The RF coaxial cable assembly connects the RF coaxial cable and the RF connector through crimping, welding, screwing and other methods. Since different cables correspond to different applications and environments, many factors should be considered when selecting cable components. Today, let's learn about the common indicators of RF cable components:
1) Characteristic impedance
Characteristic impedance refers to the ratio of incident wave voltage to incident wave current on the transmission line, or the negative value of the ratio of reflected wave voltage to reflected wave current. It is the most basic electrical characteristic of coaxial cable.
2) Voltage standing wave ratio (VSWR) and return loss (RL)
Voltage standing wave ratio VSWR and return loss RL are used to measure the size of the reflected signal. It is defined as the sum of reflected signals caused by impedance mismatch. The voltage standing wave ratio VSWR is obtained by the ratio of the peak to the trough of the reflected signal. The return loss RL is calculated by measuring the logarithm of the ratio of the power reflected back to the source to the input power.
The generation of standing wave or return loss is mainly due to the mismatch of impedance. The RF signal will be reflected when it encounters the change of impedance in the transmission process. The reflection coefficient can be calculated according to the change of impedance Γ， Thus, the values of standing wave ratio VSWR and return loss RL can be calculated.
3) Loss (also known as attenuation) and mechanical amplitude stabilization
Loss refers to the energy loss of signal in the transmission process of cable assembly. When the RF signal is transmitted in the cable assembly, part of the energy is converted into heat and consumed, and part of the energy leaks out through the outer conductor of the cable. The sum of these two parts of energy loss is called loss, or attenuation. It is usually expressed by the DB value of a fixed frequency point per unit length. The higher the frequency, the greater the loss.
Attenuation has a great loss of energy. 3dB attenuation is equivalent to 50% of energy loss. Therefore, for an RF system, there are strict requirements for loss. Reducing the loss of cables and cable components is very important for the RF system. The cost increased by selecting low loss cables is much less than the cost of power amplifier increased by selecting high loss cables.

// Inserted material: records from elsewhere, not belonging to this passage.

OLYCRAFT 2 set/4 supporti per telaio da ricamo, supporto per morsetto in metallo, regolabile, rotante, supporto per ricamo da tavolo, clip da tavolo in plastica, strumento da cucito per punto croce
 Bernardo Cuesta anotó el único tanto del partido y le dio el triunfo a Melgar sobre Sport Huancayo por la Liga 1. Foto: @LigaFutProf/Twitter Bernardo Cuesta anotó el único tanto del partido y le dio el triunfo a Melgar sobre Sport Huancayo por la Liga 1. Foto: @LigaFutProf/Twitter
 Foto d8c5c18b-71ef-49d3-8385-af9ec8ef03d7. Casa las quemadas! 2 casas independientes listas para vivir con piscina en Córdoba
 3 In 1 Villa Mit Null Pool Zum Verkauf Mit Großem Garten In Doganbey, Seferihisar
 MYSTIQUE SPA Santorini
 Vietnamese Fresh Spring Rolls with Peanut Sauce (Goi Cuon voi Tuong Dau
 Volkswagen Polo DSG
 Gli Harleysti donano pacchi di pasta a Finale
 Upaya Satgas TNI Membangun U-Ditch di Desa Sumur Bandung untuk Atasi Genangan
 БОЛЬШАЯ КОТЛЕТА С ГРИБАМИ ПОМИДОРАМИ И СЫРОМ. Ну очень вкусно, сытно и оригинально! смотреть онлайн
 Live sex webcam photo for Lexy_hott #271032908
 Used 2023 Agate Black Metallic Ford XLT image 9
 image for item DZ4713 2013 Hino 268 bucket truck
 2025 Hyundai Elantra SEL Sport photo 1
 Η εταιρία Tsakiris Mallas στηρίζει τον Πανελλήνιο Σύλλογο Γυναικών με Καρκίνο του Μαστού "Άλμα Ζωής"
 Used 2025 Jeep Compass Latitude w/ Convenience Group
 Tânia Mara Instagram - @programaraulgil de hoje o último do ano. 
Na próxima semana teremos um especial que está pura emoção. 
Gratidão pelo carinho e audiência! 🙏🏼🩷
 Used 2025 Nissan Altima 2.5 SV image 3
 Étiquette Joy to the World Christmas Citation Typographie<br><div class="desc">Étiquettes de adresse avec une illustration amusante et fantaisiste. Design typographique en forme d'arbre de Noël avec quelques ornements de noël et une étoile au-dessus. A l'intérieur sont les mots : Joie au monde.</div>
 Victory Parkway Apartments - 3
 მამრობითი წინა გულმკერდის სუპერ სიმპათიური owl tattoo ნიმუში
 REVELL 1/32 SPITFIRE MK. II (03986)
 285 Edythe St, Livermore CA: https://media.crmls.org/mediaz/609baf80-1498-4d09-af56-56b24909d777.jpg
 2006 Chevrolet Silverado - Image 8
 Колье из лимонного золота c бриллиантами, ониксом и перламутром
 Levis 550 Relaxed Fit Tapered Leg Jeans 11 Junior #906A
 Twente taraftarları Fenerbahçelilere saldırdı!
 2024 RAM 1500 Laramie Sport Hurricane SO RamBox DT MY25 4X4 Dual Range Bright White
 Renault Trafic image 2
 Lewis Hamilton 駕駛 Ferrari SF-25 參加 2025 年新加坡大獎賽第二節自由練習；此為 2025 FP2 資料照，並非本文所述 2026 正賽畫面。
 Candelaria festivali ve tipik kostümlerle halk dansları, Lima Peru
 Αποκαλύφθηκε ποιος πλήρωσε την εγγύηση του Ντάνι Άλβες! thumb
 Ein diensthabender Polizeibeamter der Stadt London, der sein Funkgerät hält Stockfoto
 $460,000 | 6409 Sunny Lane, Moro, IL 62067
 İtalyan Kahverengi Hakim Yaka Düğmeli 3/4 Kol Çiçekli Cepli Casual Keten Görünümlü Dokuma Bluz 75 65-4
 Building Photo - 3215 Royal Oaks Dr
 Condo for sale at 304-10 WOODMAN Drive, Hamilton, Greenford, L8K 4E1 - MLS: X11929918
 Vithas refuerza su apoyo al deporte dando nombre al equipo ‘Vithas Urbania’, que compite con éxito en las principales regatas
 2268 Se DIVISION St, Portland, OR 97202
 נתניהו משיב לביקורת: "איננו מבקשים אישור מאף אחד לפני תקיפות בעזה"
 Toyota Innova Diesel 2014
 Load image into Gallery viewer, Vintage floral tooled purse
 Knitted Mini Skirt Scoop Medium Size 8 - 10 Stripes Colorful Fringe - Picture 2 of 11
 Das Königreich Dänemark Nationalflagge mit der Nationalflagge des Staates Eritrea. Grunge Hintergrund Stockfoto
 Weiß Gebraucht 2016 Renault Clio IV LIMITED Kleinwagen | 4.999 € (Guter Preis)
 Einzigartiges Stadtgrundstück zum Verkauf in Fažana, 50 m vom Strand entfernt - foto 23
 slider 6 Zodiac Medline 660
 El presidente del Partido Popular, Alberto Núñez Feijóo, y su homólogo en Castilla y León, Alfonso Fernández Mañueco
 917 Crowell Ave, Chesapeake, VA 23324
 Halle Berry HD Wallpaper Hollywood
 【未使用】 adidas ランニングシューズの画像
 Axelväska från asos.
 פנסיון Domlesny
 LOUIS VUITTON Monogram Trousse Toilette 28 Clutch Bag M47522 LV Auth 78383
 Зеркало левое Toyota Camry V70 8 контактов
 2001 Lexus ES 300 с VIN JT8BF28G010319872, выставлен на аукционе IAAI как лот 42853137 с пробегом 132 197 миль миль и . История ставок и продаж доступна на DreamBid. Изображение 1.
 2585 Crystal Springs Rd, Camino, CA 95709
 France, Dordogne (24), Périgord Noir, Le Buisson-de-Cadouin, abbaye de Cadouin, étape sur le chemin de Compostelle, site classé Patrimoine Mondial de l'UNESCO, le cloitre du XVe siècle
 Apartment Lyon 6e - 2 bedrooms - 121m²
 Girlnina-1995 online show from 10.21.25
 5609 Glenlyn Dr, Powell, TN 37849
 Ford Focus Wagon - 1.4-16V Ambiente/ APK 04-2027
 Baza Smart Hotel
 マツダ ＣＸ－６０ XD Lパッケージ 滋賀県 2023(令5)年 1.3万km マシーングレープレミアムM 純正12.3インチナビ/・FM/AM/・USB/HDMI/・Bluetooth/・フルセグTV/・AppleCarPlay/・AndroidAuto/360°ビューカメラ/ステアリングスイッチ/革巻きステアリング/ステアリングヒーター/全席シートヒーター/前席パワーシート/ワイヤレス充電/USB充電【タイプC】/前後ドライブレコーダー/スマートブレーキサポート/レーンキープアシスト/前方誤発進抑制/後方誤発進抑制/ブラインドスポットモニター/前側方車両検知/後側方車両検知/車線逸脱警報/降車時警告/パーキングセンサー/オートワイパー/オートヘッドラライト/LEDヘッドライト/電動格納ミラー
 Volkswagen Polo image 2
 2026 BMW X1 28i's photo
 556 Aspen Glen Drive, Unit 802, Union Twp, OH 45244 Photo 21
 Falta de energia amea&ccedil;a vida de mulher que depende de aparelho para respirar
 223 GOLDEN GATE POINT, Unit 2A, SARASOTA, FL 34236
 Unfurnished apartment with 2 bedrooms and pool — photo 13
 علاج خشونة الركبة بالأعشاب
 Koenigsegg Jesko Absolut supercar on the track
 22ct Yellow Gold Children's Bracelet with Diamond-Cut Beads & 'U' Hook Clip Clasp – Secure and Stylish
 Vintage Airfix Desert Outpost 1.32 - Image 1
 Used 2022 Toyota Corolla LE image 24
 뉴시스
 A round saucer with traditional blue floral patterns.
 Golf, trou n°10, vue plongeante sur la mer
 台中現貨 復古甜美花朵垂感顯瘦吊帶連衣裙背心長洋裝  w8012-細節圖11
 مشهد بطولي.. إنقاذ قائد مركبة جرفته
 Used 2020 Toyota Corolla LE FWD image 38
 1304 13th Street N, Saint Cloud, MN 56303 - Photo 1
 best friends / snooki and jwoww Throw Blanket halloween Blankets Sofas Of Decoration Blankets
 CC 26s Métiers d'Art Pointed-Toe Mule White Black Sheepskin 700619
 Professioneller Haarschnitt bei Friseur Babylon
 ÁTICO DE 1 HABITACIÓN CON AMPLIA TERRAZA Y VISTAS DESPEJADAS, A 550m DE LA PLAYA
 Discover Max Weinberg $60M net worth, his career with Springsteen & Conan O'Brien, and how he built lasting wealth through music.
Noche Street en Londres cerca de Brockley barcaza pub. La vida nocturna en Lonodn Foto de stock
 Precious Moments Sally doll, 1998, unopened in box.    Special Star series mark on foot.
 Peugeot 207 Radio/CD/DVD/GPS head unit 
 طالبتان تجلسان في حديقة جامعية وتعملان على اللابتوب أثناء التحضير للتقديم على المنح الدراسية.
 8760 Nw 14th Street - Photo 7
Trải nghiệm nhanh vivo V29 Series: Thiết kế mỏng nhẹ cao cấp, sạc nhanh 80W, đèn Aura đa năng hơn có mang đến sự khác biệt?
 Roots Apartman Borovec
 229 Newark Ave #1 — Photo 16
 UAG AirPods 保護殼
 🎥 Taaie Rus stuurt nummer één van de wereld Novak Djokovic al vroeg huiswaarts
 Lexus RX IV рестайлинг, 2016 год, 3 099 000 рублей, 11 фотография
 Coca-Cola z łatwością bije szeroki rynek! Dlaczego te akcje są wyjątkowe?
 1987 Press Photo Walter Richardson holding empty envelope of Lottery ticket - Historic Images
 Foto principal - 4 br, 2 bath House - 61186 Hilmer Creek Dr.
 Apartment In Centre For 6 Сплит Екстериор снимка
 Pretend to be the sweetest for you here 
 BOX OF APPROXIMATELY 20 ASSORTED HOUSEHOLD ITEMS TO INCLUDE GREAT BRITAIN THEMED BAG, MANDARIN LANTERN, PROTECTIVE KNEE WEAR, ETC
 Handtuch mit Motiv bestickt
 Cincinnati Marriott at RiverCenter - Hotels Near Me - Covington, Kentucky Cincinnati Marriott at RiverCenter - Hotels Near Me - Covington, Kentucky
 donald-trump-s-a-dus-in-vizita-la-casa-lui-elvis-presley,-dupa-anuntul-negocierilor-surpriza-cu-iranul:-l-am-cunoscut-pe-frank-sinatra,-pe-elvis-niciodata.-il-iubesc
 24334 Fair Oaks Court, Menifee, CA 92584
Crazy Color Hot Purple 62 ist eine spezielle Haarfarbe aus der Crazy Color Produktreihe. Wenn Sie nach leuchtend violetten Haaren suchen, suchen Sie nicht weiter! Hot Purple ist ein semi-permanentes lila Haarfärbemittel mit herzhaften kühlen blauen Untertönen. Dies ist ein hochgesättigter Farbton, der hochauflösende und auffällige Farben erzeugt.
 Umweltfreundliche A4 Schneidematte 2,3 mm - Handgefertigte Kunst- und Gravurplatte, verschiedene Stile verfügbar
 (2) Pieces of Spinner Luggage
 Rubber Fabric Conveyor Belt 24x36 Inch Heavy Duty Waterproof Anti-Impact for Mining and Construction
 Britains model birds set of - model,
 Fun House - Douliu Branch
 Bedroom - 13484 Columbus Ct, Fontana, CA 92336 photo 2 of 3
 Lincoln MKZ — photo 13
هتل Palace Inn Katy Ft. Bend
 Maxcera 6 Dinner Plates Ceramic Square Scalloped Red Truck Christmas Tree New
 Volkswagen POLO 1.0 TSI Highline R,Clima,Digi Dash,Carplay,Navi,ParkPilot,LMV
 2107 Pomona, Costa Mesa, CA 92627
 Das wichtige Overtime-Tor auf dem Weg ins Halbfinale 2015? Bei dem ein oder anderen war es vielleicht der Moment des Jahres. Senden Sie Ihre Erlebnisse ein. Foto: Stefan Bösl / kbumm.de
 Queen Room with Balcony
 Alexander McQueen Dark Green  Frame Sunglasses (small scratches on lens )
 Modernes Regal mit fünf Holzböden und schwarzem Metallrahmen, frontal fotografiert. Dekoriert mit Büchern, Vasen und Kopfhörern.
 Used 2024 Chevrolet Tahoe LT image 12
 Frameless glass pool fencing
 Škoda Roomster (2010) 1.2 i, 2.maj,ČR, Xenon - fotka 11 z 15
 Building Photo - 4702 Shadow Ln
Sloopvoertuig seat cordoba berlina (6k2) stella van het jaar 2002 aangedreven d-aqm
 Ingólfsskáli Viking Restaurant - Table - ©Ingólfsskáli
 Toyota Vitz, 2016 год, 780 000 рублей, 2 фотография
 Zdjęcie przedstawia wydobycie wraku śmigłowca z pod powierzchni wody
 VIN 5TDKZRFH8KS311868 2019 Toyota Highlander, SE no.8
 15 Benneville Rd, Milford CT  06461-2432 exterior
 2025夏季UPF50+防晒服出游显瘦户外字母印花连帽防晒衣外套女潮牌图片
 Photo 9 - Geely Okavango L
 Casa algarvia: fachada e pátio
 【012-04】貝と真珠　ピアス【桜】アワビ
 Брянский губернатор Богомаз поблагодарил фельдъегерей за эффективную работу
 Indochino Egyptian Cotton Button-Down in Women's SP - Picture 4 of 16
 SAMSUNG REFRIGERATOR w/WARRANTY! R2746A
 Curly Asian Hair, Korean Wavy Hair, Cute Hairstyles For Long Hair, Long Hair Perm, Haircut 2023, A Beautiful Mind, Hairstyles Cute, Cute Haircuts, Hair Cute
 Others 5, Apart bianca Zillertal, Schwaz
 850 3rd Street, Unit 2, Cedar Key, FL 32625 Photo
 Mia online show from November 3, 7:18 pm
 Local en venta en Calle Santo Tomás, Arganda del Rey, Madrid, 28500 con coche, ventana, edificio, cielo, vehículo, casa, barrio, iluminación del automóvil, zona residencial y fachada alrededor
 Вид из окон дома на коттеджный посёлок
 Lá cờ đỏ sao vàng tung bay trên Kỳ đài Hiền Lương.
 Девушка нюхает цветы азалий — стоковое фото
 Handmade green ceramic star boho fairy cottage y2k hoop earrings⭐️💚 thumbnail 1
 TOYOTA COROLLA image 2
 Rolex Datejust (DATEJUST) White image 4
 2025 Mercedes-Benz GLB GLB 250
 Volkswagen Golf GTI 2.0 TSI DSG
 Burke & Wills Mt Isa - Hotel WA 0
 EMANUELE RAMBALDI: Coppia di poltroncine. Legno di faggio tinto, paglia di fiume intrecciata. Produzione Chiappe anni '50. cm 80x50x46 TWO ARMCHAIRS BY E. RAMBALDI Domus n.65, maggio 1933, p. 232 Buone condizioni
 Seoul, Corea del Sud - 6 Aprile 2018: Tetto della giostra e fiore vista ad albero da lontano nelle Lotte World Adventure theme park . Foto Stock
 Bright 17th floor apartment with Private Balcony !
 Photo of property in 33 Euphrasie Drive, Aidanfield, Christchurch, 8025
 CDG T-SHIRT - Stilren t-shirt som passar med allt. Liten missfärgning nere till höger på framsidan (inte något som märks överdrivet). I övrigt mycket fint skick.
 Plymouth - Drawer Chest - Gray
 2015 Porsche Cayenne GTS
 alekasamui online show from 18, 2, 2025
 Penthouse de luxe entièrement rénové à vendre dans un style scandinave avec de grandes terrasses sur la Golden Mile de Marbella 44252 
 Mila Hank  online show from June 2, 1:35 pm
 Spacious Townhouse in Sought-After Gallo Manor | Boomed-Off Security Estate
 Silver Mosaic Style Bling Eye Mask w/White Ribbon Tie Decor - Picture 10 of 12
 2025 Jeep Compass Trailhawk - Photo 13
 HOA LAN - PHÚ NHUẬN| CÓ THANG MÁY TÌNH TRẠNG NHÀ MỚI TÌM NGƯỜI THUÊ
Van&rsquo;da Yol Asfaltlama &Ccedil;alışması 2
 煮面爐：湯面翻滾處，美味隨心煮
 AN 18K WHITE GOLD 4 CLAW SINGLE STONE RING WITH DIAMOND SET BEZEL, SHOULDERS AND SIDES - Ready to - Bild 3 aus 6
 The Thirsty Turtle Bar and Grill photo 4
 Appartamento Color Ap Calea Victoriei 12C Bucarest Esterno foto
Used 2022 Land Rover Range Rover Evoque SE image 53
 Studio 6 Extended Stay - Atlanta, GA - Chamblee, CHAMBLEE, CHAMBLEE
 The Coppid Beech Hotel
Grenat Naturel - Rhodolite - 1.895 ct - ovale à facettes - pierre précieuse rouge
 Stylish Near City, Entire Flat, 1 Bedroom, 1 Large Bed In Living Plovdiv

Mechanical amplitude stabilization refers to the stability of the loss of cable components under bending and shaking conditions. The mechanical amplitude stabilization index is an important consideration index for dynamic application environmental conditions. The test of mechanical amplitude stabilization index is usually carried out by the method of 360 ° around a cylinder with a radius of 10 times the cable diameter.
4) Transmission rate and delay
Transmission rate refers to the ratio of the signal propagation speed in the cable to the speed of light C, and its dielectric constant with the insulating medium ε Is inversely proportional to the square root of. Dielectric constant ε The smaller, the faster the propagation speed.
The time delay refers to the time the signal passes through the cable, which also depends on the dielectric constant of the insulating medium ε， And the length of the cable L. Dielectric constant ε The lower the, the shorter the signal propagation time.
5) Mechanical phase stability
The phase change of cable assembly caused by bending and jitter is called mechanical phase stability, including bending phase stability (referred to as bending phase stability) and jitter phase stability (referred to as jitter phase stability). The bending phase stability index has a certain relationship with the bending method and bending radius. When paying attention to this index, we must understand the test method and bending radius. When testing the bending phase stability index of cable components, the industry usually adopts the method of 360 ° of a cylinder with a cable winding radius of 10 times the cable diameter.
6) Phase temperature stability
Temperature phase stability refers to the phase change of cable components caused by temperature change.
7) Phase tracking
Phase tracking refers to the ability of multiple cable components to approach each other in terms of temperature, bending or both. Generally speaking, it is the consistency of phase change. Generally, phase tracking refers to temperature phase tracking. Phase tracking is one of the most important indexes that phased array radar R & D engineers should consider when selecting RF cable components.
8) Shielding efficiency
Shielding efficiency refers to the ratio between the RF energy incident on one side of the shielding layer and the RF energy projected on the other side.